## Caption-style text data
----
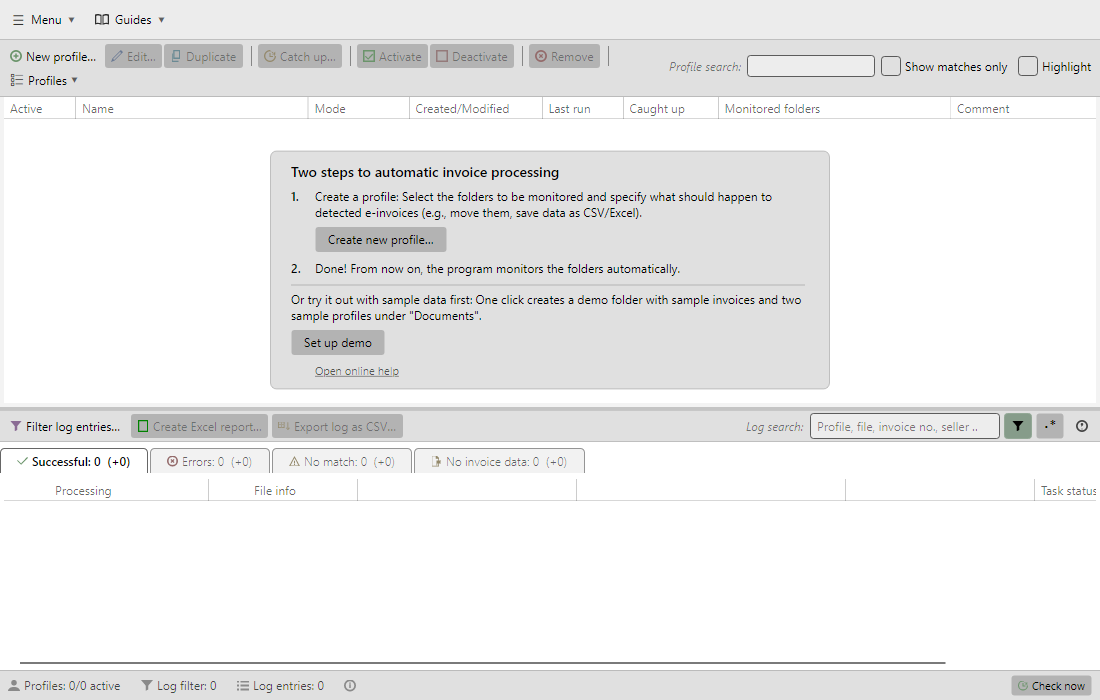 Getting-started card in the main window with an empty profile list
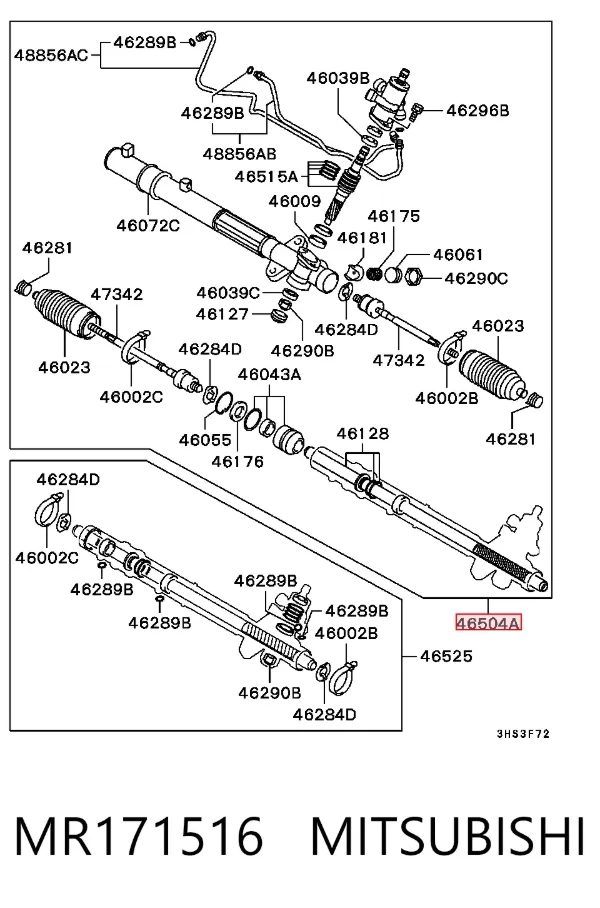 Cremalheira da direção MR171516 Mitsubishi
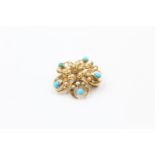 15ct gold turquoise & pearl brooch (4.1g)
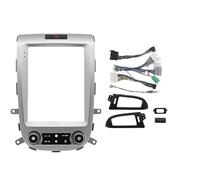 Marco Radio de Coche Radio De Coche 9,7 Pulgadas 2 DIN para Hyundai para Santafe para IX45 2006-2012 Marco Multimedia Estilo Tesla Reproductor Vídeo DVD(Frame-Silver-A)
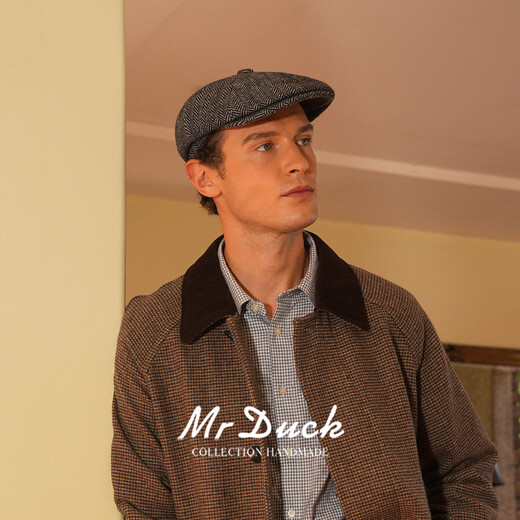 Mr DUCK Prussia winter octagonal beret handmade woolen men's herringbone literary intellectual newsboy cap herringbone dark gray (thick and warm)-MW56165 L (suitable for 58-59cm head circumference)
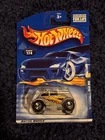 Vintage 2001 Hot Wheels Baja Bug Silver Metal Base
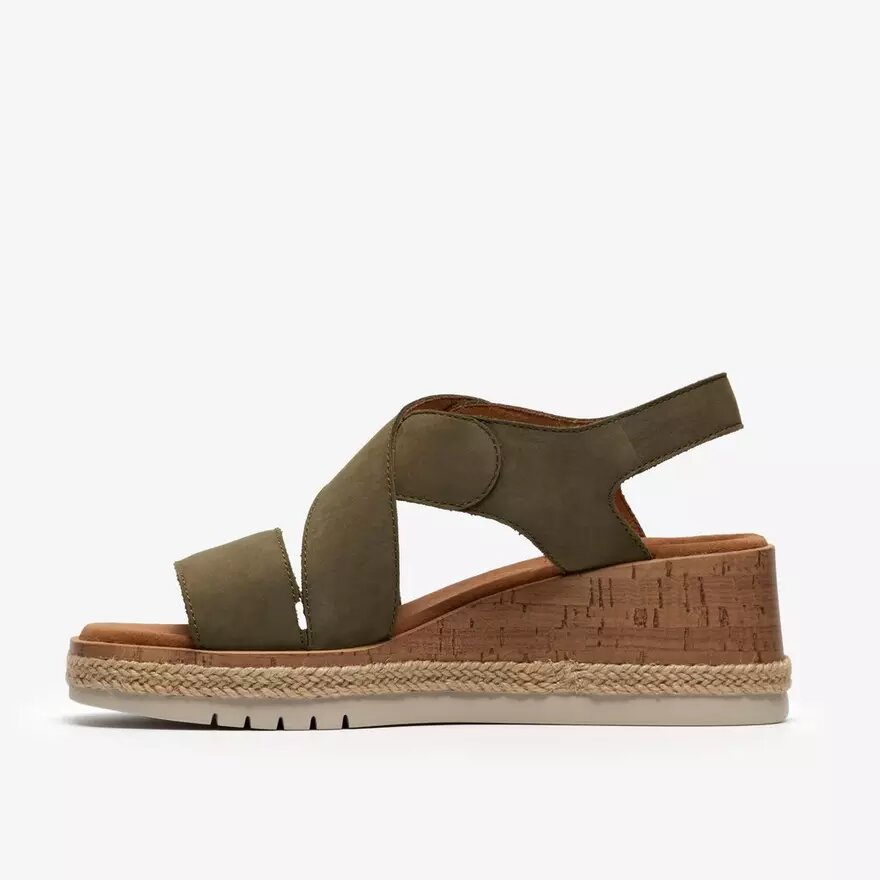 Womens Kidiki Sun Dark Olive Nubuck Wedges Womens Kidiki Sun Dark Olive Nubuck Wedges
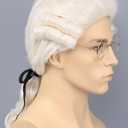 Bettecos Mens Judge Colonial Wig with Glasses Long Blonde Powdered Wavy Wig Costume Cosplay Halloween Party White Wigs (Beige)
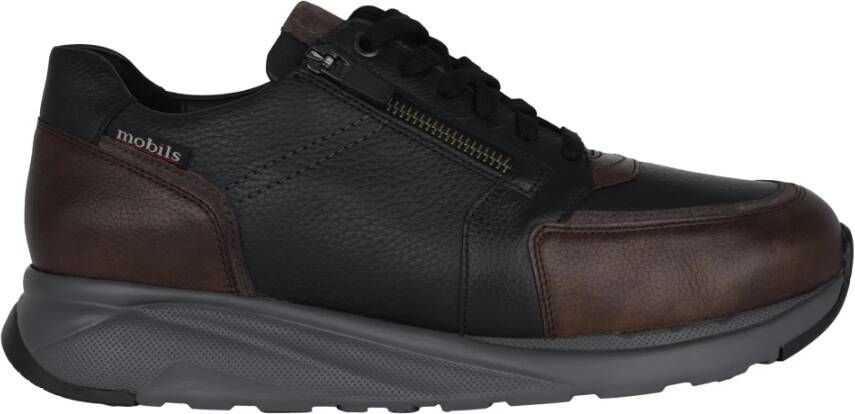 mephisto Ergonomische Brede Sneakers Donkerbruin Brown Heren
----
## Assigned task
The exact lines from the one containing "15ct gold turquoise & pearl brooch (4.1g)" through the end of the data are to be copied, with both ends kept and pictures left out.

## Written answer
 15ct gold turquoise & pearl brooch (4.1g)
 Marco Radio de Coche Radio De Coche 9,7 Pulgadas 2 DIN para Hyundai para Santafe para IX45 2006-2012 Marco Multimedia Estilo Tesla Reproductor Vídeo DVD(Frame-Silver-A)
 Mr DUCK Prussia winter octagonal beret handmade woolen men's herringbone literary intellectual newsboy cap herringbone dark gray (thick and warm)-MW56165 L (suitable for 58-59cm head circumference)
 Vintage 2001 Hot Wheels Baja Bug Silver Metal Base
 Womens Kidiki Sun Dark Olive Nubuck Wedges Womens Kidiki Sun Dark Olive Nubuck Wedges
 Bettecos Mens Judge Colonial Wig with Glasses Long Blonde Powdered Wavy Wig Costume Cosplay Halloween Party White Wigs (Beige)
 mephisto Ergonomische Brede Sneakers Donkerbruin Brown Heren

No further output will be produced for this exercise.